Don't blame yourself for not knowing about POAs beforehand. Why would you? Nobody does, until they find out. I certainly didn't and it landed heavily on my toes.
Well, I don't know, I don't want to encourage you to go on some wild goose chase; but that POA set-up sounds well dodgy to me. And IF it was, then it's not valid. And then the cat is right among the pigeons. Or geese.
The thing is, if your aunt is also nervous that the POA won't bear close scrutiny, that would explain why she doesn't want you to see it. What's harder to explain is why she wouldn't wave under your nose a document that confirmed that she has the authority to prevent contact with your grandmother.
As for the NH: she who pays the piper calls the tune. Your aunt pays the bills. Moreover, the staff at the NH are always going to be on thin ice if they go against a POA's instructions, and what's in it for them to do so? They're not being intentionally mean to you or cruel to your grandmother, they're just taking the line of least resistance.
I should have thought you could be classified as a person with a legitimate interest in verifying the POA documents, but I have no idea what the regulations are in the US. If I were you, I'd consult an elder care attorney and take advice. Be very careful not to choose one who likes to pick fights. Maybe you could call the place where you used to work and ask if they can recommend someone cautious and responsible?
Hm. I'm still not sure I've got the story straight, though. Ok, so your aunt is mad at you for unconnected reasons: I don't need to know what they are; if they're private, that's fine. But it isn't clear to me, no matter how cross with you she is, why she would decide it is in your grandmother's best interests not to see you - why she would be prepared to take her anger with you out on her mother, in other words. I think there must be more to it. You don't have to post it if you're not comfortable, but any lawyer you speak to will need to know the whole story.
Has there also been an monetary advantage to you other than what would be considered normal compensation for the care you have been providing?
Pam Stegman are you awake yet this morning? What is your take on this?
I don't like the sound of how your aunt obtained her POA. On the other hand, if you've already been to court, presumably its validity has been tested and confirmed, yes?
If your aunt were after your grandmother's assets, and had simply been hell-bent on getting you out of the way, it doesn't make sense that she left you in comparative peace for three years before making your grandmother move to an expensive NH.
I'd love to help, I'm so sorry for how you feel, but I can't say anything when I don't really understand what's going on.

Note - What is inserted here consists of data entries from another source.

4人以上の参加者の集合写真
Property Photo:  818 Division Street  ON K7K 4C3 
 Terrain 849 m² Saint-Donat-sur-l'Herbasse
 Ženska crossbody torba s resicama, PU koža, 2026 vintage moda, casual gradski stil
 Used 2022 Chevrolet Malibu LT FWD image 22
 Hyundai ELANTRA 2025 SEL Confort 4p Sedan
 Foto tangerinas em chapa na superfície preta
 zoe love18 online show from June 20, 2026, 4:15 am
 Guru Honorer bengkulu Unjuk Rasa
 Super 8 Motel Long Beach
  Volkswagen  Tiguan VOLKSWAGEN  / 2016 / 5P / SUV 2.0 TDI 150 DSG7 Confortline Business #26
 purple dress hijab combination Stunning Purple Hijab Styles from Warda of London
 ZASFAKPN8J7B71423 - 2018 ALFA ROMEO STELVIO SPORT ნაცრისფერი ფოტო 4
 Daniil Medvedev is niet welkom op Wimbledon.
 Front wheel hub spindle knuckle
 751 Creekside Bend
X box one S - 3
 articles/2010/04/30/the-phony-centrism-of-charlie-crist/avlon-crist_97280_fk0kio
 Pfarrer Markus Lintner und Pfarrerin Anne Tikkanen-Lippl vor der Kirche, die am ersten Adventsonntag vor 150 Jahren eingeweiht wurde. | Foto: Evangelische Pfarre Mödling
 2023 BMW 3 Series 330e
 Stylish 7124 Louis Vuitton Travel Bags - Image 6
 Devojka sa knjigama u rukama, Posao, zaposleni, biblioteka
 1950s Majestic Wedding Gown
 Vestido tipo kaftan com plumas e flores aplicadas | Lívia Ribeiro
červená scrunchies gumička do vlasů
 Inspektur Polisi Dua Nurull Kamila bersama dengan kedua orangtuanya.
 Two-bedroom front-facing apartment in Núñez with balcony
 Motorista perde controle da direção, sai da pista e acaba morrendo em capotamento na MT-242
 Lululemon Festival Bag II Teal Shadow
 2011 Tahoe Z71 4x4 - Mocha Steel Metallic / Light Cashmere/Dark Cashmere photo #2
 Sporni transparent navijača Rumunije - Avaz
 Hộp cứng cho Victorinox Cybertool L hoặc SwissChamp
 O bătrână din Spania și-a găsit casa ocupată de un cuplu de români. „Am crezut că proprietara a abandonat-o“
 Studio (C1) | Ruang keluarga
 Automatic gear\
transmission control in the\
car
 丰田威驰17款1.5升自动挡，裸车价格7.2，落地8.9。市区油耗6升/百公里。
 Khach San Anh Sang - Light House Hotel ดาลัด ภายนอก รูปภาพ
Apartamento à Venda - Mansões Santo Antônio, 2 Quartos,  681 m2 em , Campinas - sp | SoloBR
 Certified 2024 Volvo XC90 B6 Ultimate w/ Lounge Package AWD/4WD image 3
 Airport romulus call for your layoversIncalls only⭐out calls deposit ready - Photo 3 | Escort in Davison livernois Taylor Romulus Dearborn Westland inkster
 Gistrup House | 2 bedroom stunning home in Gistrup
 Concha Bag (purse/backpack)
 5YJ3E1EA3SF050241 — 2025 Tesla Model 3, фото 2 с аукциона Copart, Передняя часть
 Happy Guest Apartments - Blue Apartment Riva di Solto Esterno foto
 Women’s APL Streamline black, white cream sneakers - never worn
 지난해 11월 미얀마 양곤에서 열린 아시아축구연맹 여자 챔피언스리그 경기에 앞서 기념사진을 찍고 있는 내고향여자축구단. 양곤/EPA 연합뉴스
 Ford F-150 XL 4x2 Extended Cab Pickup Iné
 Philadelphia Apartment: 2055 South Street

There is more to this story.
As to what you can do to see your gram again, the answer is to make some sort of peace with her daughter. It may be unfortunate in this case, but "daughter" trumps "granddaughter". And a power of attorney trumps all.
Do you know which facility your grandmother is in? Was your grandmother suffering from dementia when your aunt got the POA?
It's my understanding that POA aren't irrevocable. Maybe the irrevocability was a special request
But your grandmother would as principal have to sign any POA granting anyone authority. Did she? Or did she sign and not realize what she signed?
I'm glad you didn't allow your aunt to evict you with only 3 days' notice.
I do think though that you need to see an attorney to determine if an Irrevocable POA is legal in Kansas, and to contact the aunt in writing demanding that a copy be made available to you. An elder law attorney would be femiliar with Kansas law to know what other rights you would have as a relative.